The impeachment trials in the U.S. Senate began on January 22 of this year. Representatives from both parties shared their views as the trial was broadcast live on multiple media platforms. The members of the Senate were divided, with 45 members in the Democratic party, 53 members in the Republican party and 2 members identifying as Independent.

During the trial, both the Democratic House impeachment managers and President Trump’s defense team gave opening and closing statements. Each side was given up to 24 hours over three days to develop their case for the trial. An article by NPR mentions that there was also a 16-hour period which allowed for questioning by the senators. Along with the short time frame to produce a developed case, the Senate voted against either side producing witnesses. The establishment of these ground rules implemented by Senate Majority Leader Mitch McConnell was seen as a hindrance to the Democratic House.
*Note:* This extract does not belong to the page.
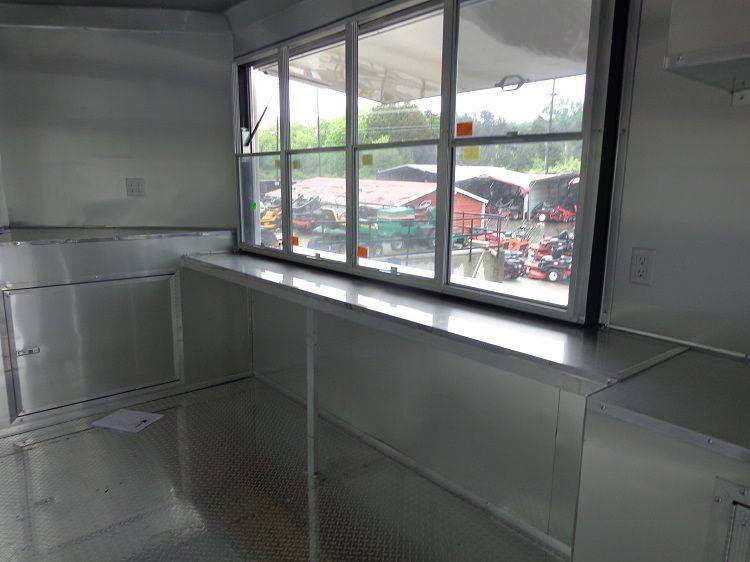 Concession Trailer 8.5'x24' Orange - Vending BBQ Catering Event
The Democratic House impeachment managers focused their arguments on the articles of impeachment, while President Trump’s defense team claimed that the impeachment trial was an effort to influence the upcoming elections and sway the public’s opinion against Trump.

“This is an effort to overturn the results of one election and to try to interfere in the coming election that begins today in Iowa,” said Pat A. Cipollone during the Senate trial. “The only appropriate result here is to acquit the president and to leave it to the voters to choose their president.”

Once both parties had their allotted time to state their case and delivered their opening and closing statements, the Senate cast their votes on whether or not they found the president guilty of the two impeachment charges.

The trial concluded with President Trump acquitted from both the charge of abuse of power as well as obstruction of Congress. The first article of impeachment, abuse of power, was rejected with the votes divided 48 to 52. 67 guilty votes were needed to convict the president. The second article of impeachment, obstruction of Congress, was rejected as well with the votes divided 47 to 53.

While most Republicans found President Trump not guilty, Senator Mitt Romney of Utah voted to convict the president. In his statement, Romney claimed that his oath to God compelled him to vote against the President.

“The President is guilty of an appalling abuse of public trust. What he did was not perfect; no, it was a flagrant assault under electoral rights, our national security, and our fundamental values,” Romney said during the trial. “Corrupting an election to keep oneself in office is perhaps the most abusive and destructive violation of one’s oath of office that I can imagine.”

While he was not removed from office for these charges, President Trump has become one of three presidents in U.S history to ever be impeached by the House. There is speculation about how this trial will affect the president’s following, especially considering the fact that he will be the first president to run for a second term after being impeached.